Mary Mother of Jesus Inclusive Catholic Community Fourth Sunday Of Lent March 10,2018 Presiders: Elena Garcia ARCWP and Joan Meehan Music Ministry: Linda Lee Miska








BELL: Moment of Silence
Presider: Welcome to Mary Mother of Jesus, an inclusive Catholic Community where all are welcome to share Eucharist at the Banquet Table. We use inclusive language in our scripture readings and prayers. We invite sharing at the homily and prayers of intercession. Everyone prays the words of Consecration in the Eucharistic Prayer. We welcome our newcomers at announcement time after Communion. All are invited to join us for supper after liturgy at a local restaurant.
GATHERING SONG: Womb of All Creation Flowing

Womb of all creation flowing with your blessing everywhere,
Bring to birth in us deep caring that your fullness all may share.
Fill us with your gentle power that new ventures we may dare.
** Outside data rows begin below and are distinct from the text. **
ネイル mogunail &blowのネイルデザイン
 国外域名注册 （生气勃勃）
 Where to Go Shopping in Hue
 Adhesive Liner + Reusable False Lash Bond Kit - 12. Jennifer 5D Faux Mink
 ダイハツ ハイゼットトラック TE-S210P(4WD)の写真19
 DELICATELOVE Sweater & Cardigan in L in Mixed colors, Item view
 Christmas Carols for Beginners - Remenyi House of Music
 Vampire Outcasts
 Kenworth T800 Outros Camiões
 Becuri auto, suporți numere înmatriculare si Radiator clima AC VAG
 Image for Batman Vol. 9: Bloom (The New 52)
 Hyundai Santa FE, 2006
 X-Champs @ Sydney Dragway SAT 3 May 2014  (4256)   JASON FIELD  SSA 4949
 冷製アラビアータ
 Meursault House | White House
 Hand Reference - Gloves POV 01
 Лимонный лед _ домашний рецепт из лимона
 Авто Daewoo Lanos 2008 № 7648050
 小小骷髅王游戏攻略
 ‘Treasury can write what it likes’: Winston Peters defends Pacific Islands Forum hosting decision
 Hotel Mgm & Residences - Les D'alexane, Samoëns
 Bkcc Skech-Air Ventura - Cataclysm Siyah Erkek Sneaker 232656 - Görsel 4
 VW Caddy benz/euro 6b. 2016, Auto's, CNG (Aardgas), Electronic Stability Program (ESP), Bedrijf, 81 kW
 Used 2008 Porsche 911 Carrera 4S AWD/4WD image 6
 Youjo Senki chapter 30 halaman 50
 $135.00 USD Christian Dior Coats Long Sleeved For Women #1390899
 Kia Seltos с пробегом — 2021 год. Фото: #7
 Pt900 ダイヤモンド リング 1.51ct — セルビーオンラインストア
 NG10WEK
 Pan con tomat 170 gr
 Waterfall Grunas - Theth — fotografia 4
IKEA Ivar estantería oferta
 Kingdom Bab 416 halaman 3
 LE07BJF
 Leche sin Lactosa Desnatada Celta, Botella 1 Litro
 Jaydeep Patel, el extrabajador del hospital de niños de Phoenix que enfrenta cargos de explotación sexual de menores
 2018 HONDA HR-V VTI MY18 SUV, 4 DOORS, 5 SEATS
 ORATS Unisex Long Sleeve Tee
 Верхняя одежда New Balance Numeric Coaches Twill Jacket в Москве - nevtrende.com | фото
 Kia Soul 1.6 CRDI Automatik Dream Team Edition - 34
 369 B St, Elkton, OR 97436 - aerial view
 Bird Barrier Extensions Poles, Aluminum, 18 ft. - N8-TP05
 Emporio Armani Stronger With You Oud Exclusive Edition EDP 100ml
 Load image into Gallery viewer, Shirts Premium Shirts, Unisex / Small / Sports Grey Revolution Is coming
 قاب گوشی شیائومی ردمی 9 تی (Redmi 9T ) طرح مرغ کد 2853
Holy Darkness deep within us, nurture our creative seeds:
Bring our dreams to glorious flower as your peace your spirits feed.
In your center we find wholeness as your grace fills all our needs.

Loving womb your sacred darkness brings forth treasures night and day.
Nourishing our deepest longings, casting all our fears away.
May we join your holy labor, giving Earth new hopes we pray.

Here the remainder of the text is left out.